"Operation Jinnah" | Story of retribution for personal loss
Shiv Aroor’s ‘Operation Jinnah’ initiates a new genre of fiction. It’s a thriller with a cause, be it gender equality or fighting terrorism or even wishing India’s success in being capable of designing an answer to an American stealth bomber.
The first chapter introduces the principle characters of the novel, Admiral Rana and his trusted lieutenant commanders, Vikramaditya Singh, Saraswati Subramanyam and Akeela Thomas in a submarine firing cruise missiles at the Jinnah Naval Base in Pakistan. While the mission gets aborted it gives a clearer idea that this novel is about a battle for supremacy between India and Pakistan. The story continues with its two narrators, the young lieutenant commanders and the admiral. It explores their personal stories and the fierce loyalty that binds all of them. The other strand brings us to Kashmir and the kidnapping of Varuna Rana, the daughter of the admiral. This novel is a story of retribution for personal loss as much as fighting against terrorism induced by Pakistan.

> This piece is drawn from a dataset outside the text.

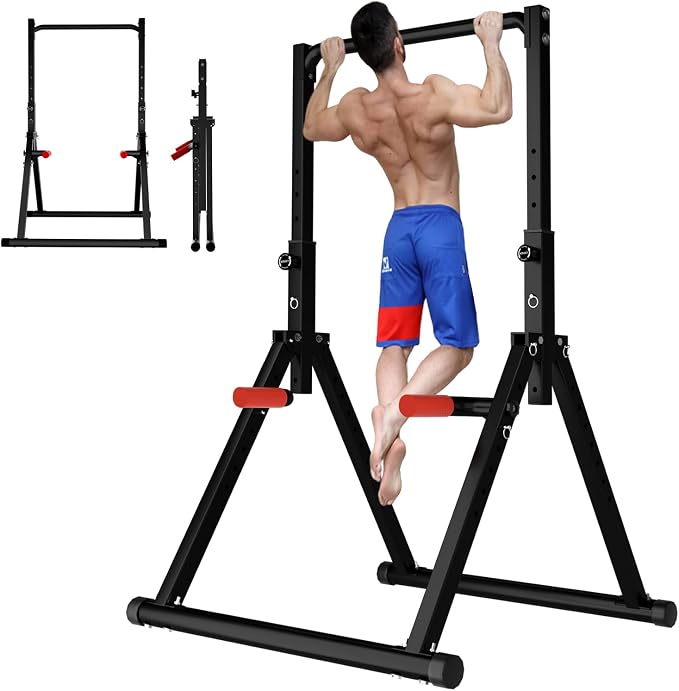DOBESTS Power Tower Pull Up Bar Free Standing, Foldable Pull Up Station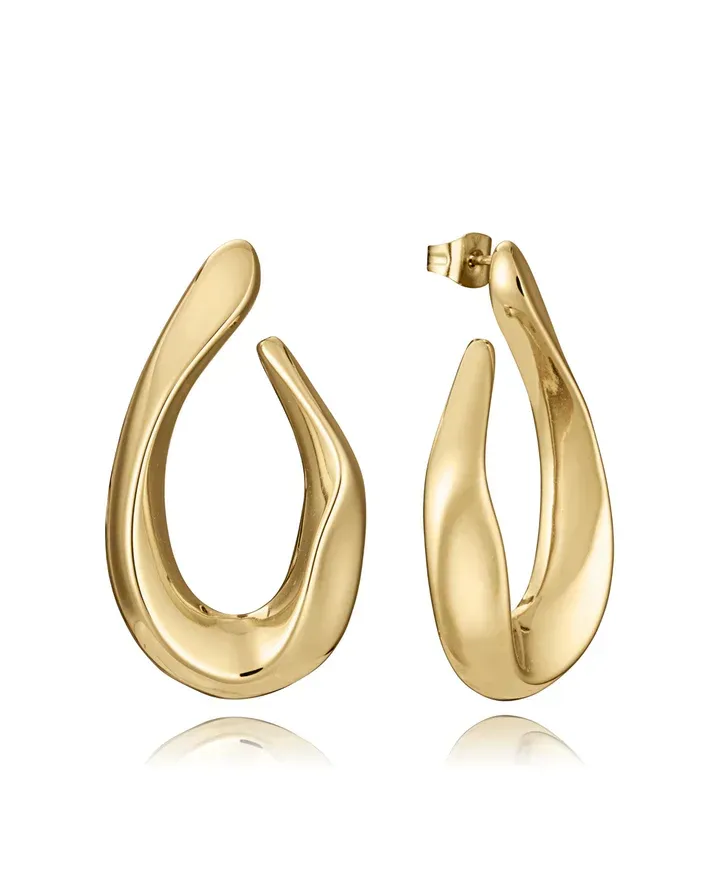 Pendientes de mujer de acero Ip dorado contorno gota Pendientes de mujer de acero Ip dorado contorno gota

As we are drawn into personal angles, we learn that Akeela Thomas is a maths wizard and grew up at an orphanage in Kerala. Rana met her at an event organised to honour Kerala’s military heroes. As Rana heard her formal speech on the occasion, he on an impulse decided to ensure that she made it to the navy. She later became the first female Special Forces soldier. Saraswati’s background is unusual too. Born as Sravanan, he lost both his parents to a cyclonic storm and grew up in various orphanages. He always saw himself as a woman as a result of which he joined the Navy as cis gender and later became a trans-woman with a new name Saraswati. Vikramaditya Singh and Admiral Rana both lost their family members to terrorist attacks. The first two lieutenant commanders are indebted to Rana for the opportunity that changed their lives. But between Vikramaditya and Admiral Rana there is a common bond of grief which makes them fight terrorism unleashed by Pakistan on a level that goes beyond the call of duty.
The kidnapper Ataullah too has an axe to grind against Admiral Rana. As a thirteen year old boy he was a witness to the act of killing his father by the Admiral and his team. This task was the first successful mission for avenging the terrorist attacks in Bombay in which Ataullah’s father was a key person. The daredevil act is narrated using a timeline which builds up the suspense and gives the reader a feeling of participation in this mission.
This is a novel which has covered a time-span of seven years. It starts with the aborted mission of Operation Jinnah and ends with the successful completion of the same. Between these two actions there is the account of Rana and his team entering PoK, and successfully completing their mission on two occasions. There is a painstaking effort to build up technological background of the mission along with maps and diagrams to guide the reader. The international press, the Indian prime minister, the Pakistani president and even the US president are involved in this game of terrorism and counter terrorism.
The novel has a pace and a well structured plot. The thought that the Navy or the Defence Services in general should be accessible to any gender is expressed with subtlety. The novel talks of a day when Pakistan’s involvement with terrorist activities would be acknowledged by the United States and India would be capable of a retaliation Pakistan deserves.
However there is a loose end, which is almost acknowledged in the book as something for which there is no explanation – Akeela’s contact person in PoK. The escape in the second mission in PoK owed as much to luck as to the bravery of the participants. ‘Operation Jinnah’ keeps one engrossed while reading and we can be hopeful about novels of similar genres in future. This review though reveals the backgrounds of most of the participants, does not talk about the details of the surgical strikes. Those are for the readers to discover.